I told her that I actually do the opposite. If I see a book that interests me, I read the customer reviews online, then I call my local store, Leopold’s, and order it. Yes, it’s slower, but I’m usually already in the middle of another book, so I have time. It costs more too but I actually like doing my part to help keep the lights on, maybe helping them enough so they can hire some nerdy kid who likes books.

You might think your town is different than mine. After all, I live in downtown Detroit and your community is doing so much better than that. Listen to those birds chirping! Look at that line at the coffee shop! It’s nothing like downtown Detroit where, as we all know, great economic changes have wrought a massive Godzilla-scale beat down. But if you think that can’t happen to you, lemme tell you, it can.

It has been, what, fifteen years since the internet started changing everything? And thanks to it we now have a lot of convenience (click!) and a lot of social networking (poke!) and a lot of information (forward!) yet instead of making us happier we are living in a woefully insecure society where very few models are actually sustainable.

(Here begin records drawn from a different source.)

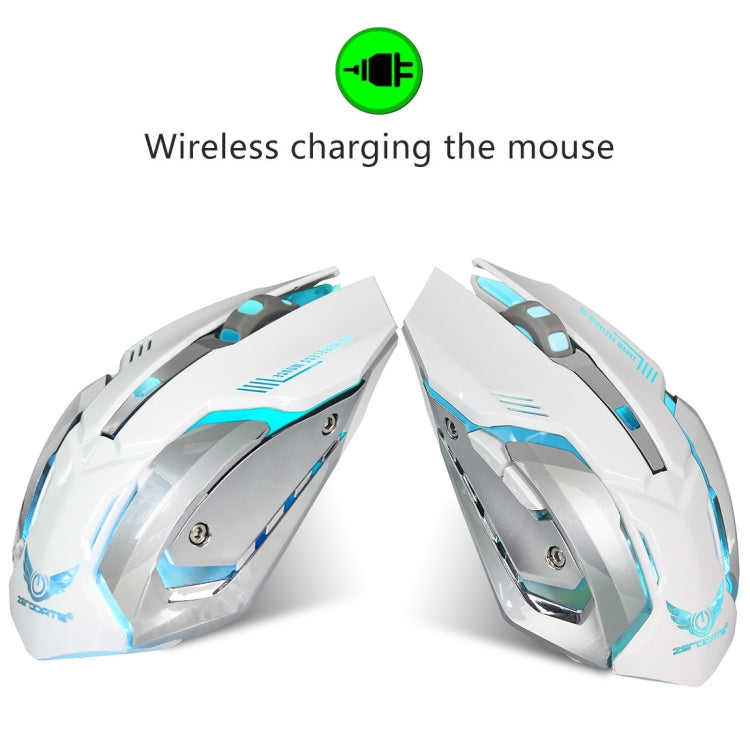 ZERODATE X70 2.4GHz Wireless 6-Keys 2400 DPI Adjustable Ergonomics Optical Gaming Mouse with Breathing Light(White) - Wireless Mice by ZERODATE | Online Shopping South Africa | PMC Jewellery | Buy Now Pay Later Mobicred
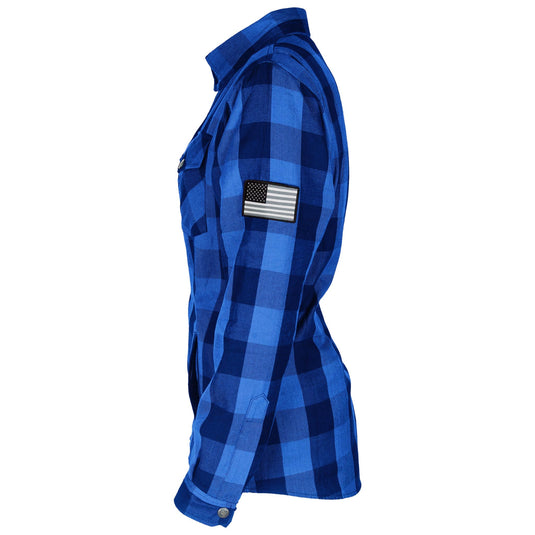 Protective Flannel Shirt for Women - Blue Checkered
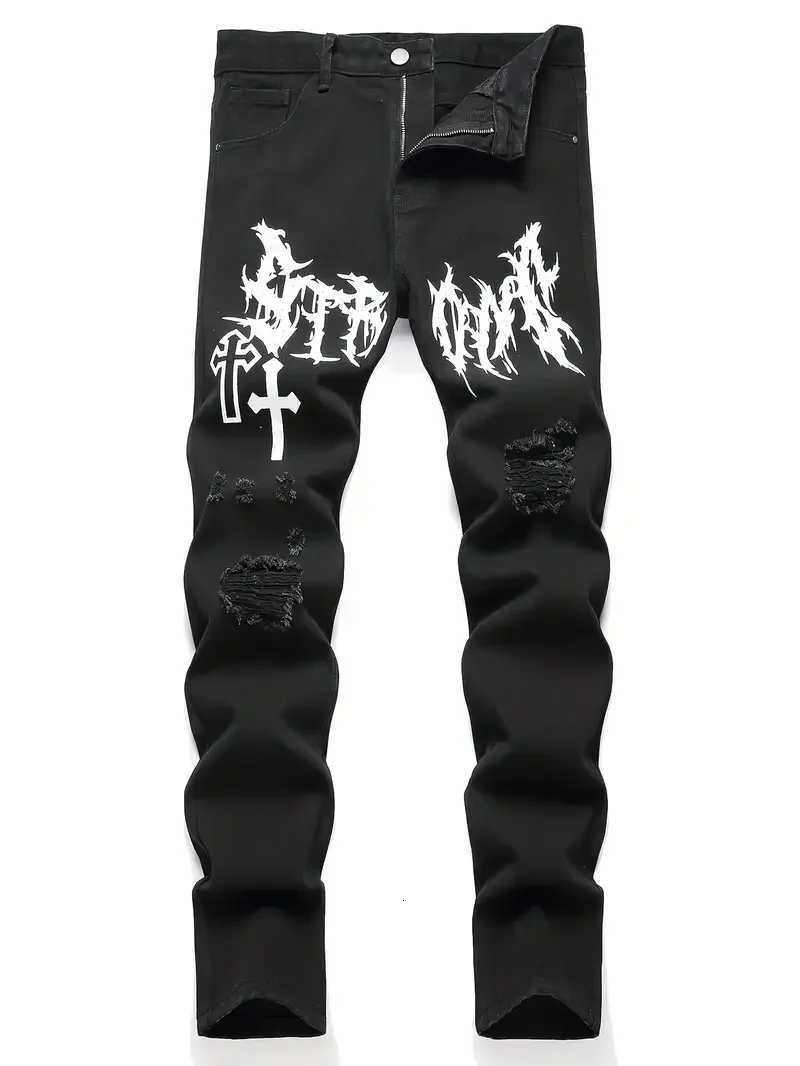 Mens street paint printed jeans and jeans X250812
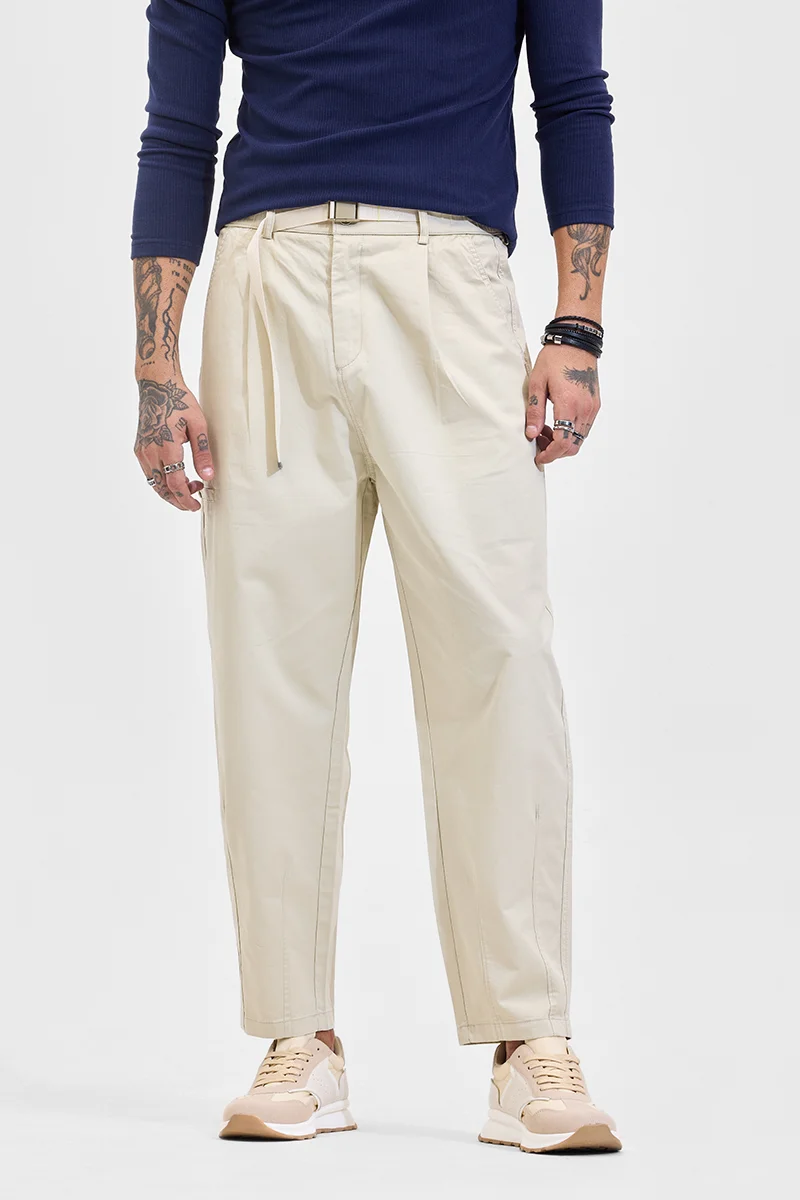 SNITCH Beige Solid Relaxed Streetwear Cargo
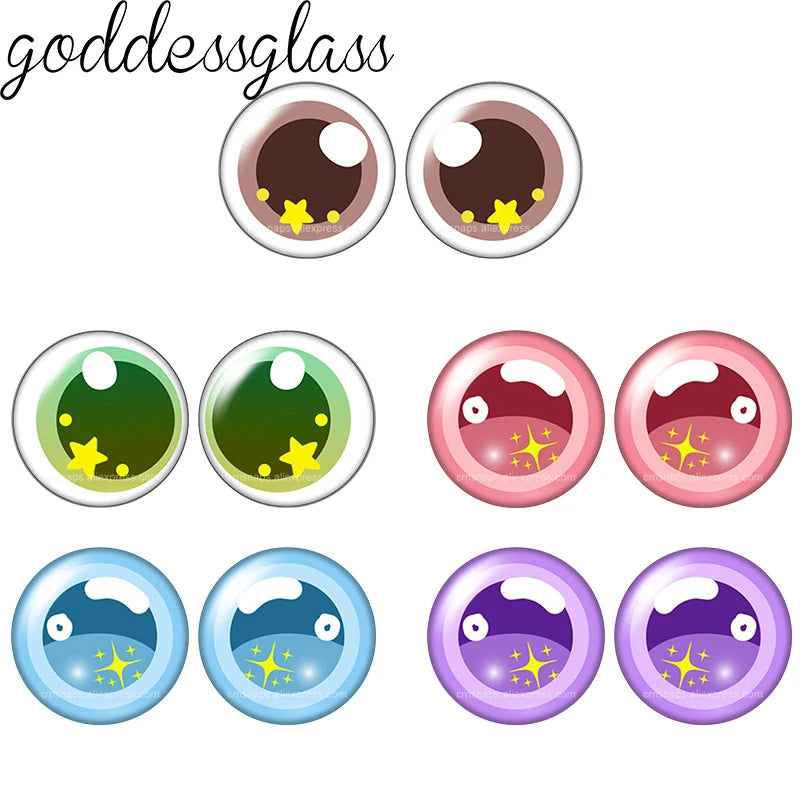 5pairs Cartoon Glass Doll eye Cute Pupils Stars 12mm/18mm/20mm/25mm Round cabochon flat back Making findings Jewelry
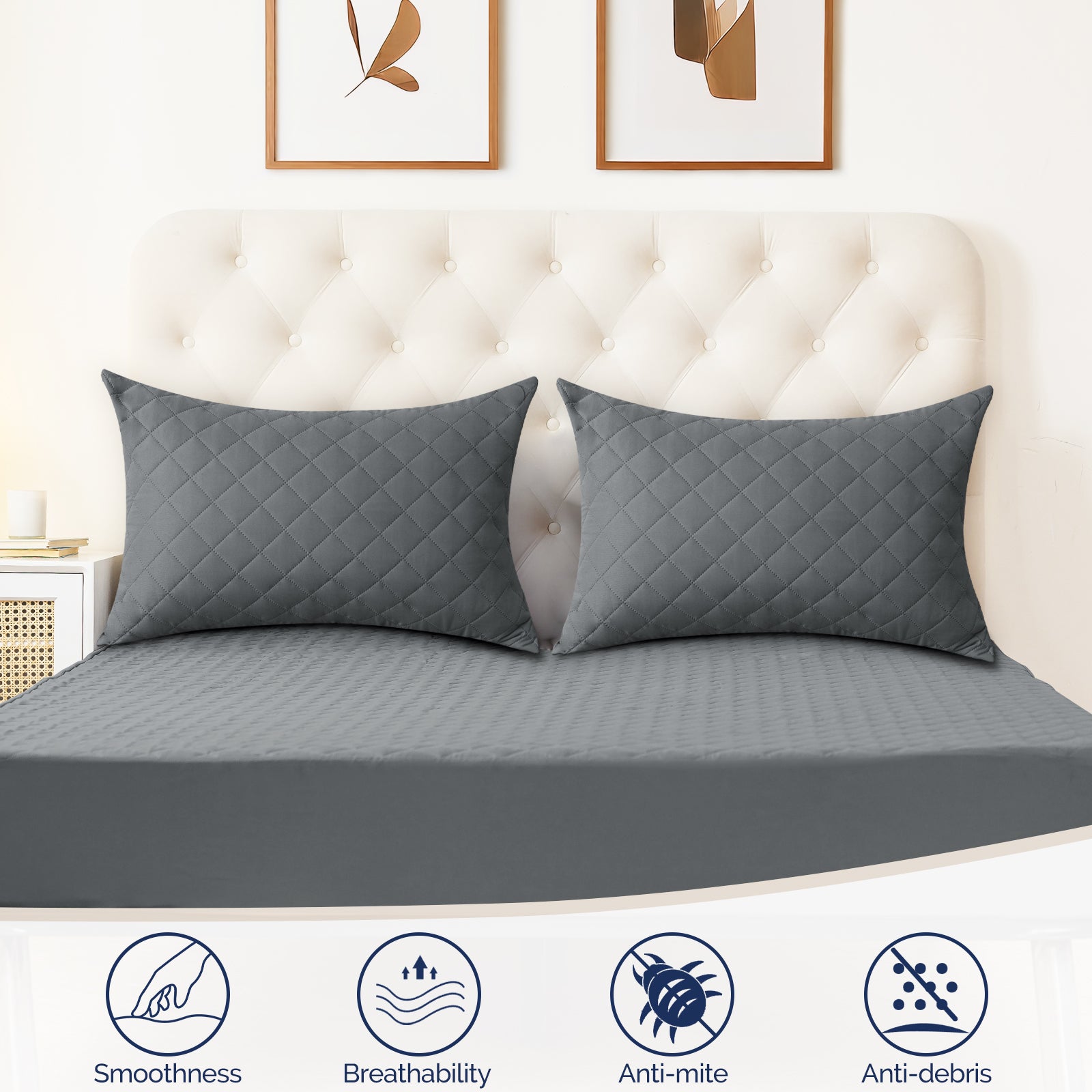 YSTYLE 2 Waterproof Pillowcases 50x80cm Breathable Anti Mite-YSTYLE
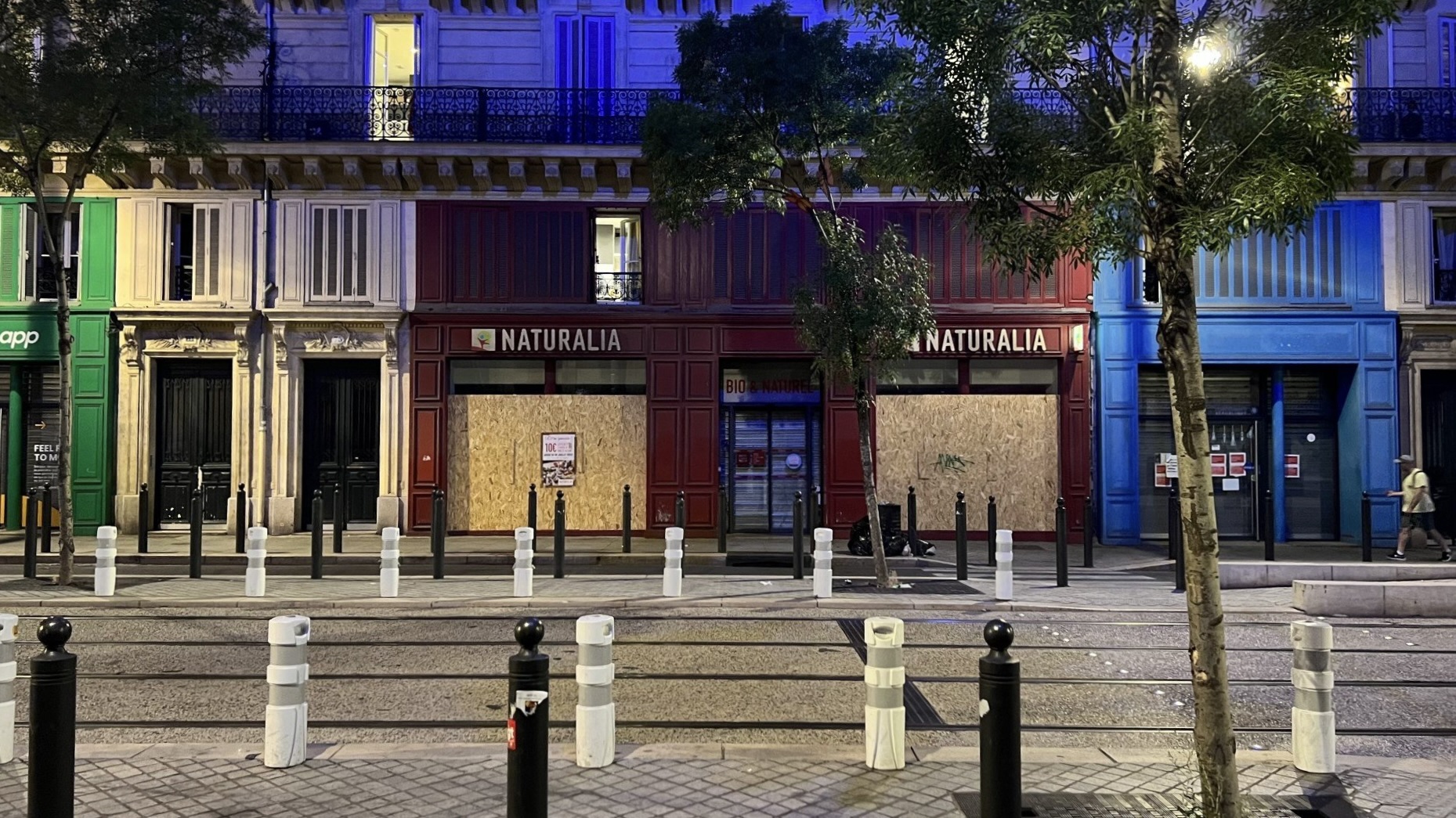 Some businesses remain boarded up in Marseille on 7 July 2023, after days of protests and riots gripped France (MEE/Frank Andrews)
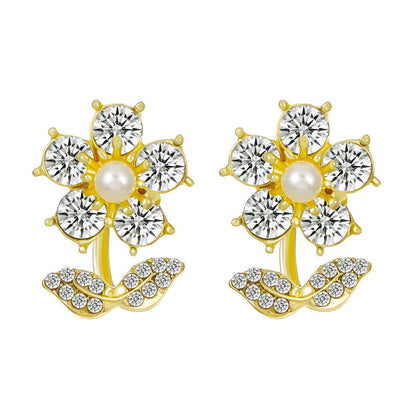 ins crystal flower earrings light luxury niche design micro-inlaid zircon earrings sweet and fresh petal earrings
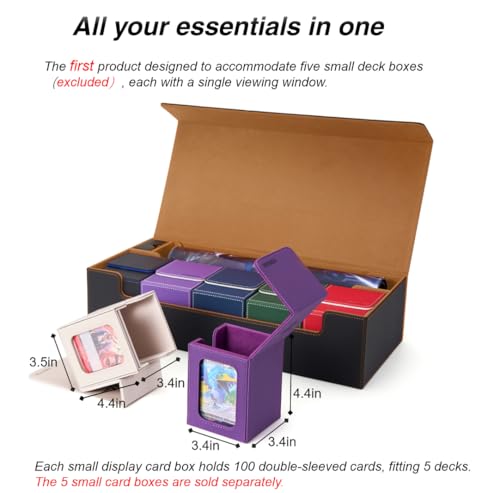 MTG Deck Box Holds 5 Display Card Deck Boxes with Playmat and Dice Box,Includes 10 colorful dividers and 1 card supporter, Trading Card Storage Box For Magic Game Cards(Black and Brown) | Holds 5 Deck Boxes (not included)/650 Single/520 Double-Sleeved Car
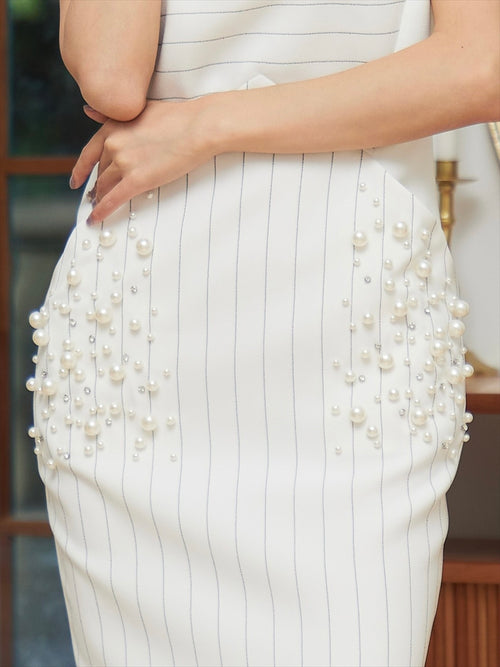 ERUKEI/E1512/ワンピース/パーティ/結婚式/二次会/ミディアムドレス/キャバドレス/ピンストライプ/ポケット付き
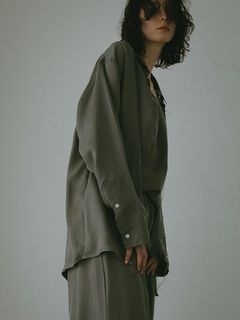 カフスカットオフキュプラシャツ - GREY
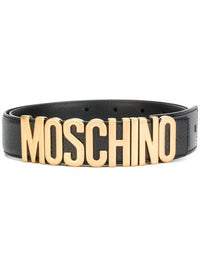 Moschino - Women's Logo Leather Belt Leather Gold Buckle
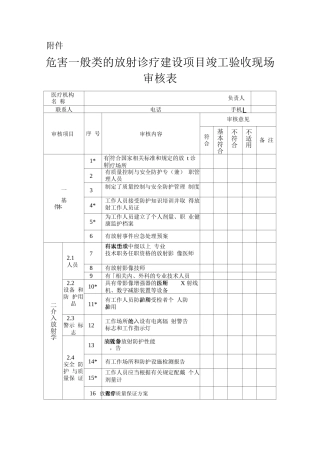 危害一般类的放射诊疗建设项目竣工验收现场审核表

Just to take one small example, I usually watch 30 Rock on Hulu, which isn’t generally considered to be anything near a viable business model. If I happen to be home, I watch 30 Rock on NBC, which is losing money faster than a spastic drunk at a casino. NBC was just bought by Comcast, the cable giant whose entire mega-profitable empire, I just learned from The Atlantic, is seriously threatened by things like, oh, Hulu.

The only ones who are winning right now are the robots. The almost completely computerized and automated iTunes, Netflix and Amazon are all making serious bank. And I can get 30 Rock episodes from each of them. But I can’t get it at my video store anymore because my video store is closed. Which is kind of my point. I liked those guys. Sure, one of them was a little creepy, but at least he had a job. I mean, where do the creepy guys go when they lose their jobs? What do they do? Do I want to know? (No, I don’t want to know. Let’s just give him a job.)

Every holiday season more and more people do all their shopping online, forcing more local stores out of business and local unemployment goes up and then, lo and behold, next Christmas nobody has as much money. The whole thing is either a reverse engineered ponzi scheme or a losing game of three-card monte or it’s just the end of Reservoir Dogs where they all shoot one another dead.

So can we maybe just slow it down a little? As spring arrives and we embrace the slow food movement and plant our gardens and tend to our bees, I would also like to propose we think about slow shopping too. Walk into a store and browse. It will take more time, but by making it a bit more difficult you’ll actually wind up spending less money, thusly saving more than you would have if you had shopped on-line.

I’m not saying the Internet is evil, far from it, it’s a wonderful, wonderful thing (Hi Arianna!) and if you need a book fast then, sure, by all means, go buy it on-line at bn.com. But if there’s a place near you where you can go support your community, then stop on by there instead. Make the effort. Yes, you might pay more, but a lot of the extra money you’re paying in local taxes goes to filling in your potholes and paying for someone to watch your kids cross the street. Businesses survive on wafer thin margins, one more customer going and shopping at a store can actually make a big difference.

Seriously, you might feel savvy buying those shoes from Zapatos but in the long run you’re really not. The phrase “free shipping” is really just like crack cocaine, it’s cheap, it’s addictive and, in the end, it will cause the same horrible destruction in your community.

If you really want to know what is going to happen if you keep sending your money to support those distant acres of automated warehouses, come visit Detroit and take a look around. You’ll see parts of town that look exactly like that burned out futuristic landscape from The Terminator. You know, that’s the movie where the robots won.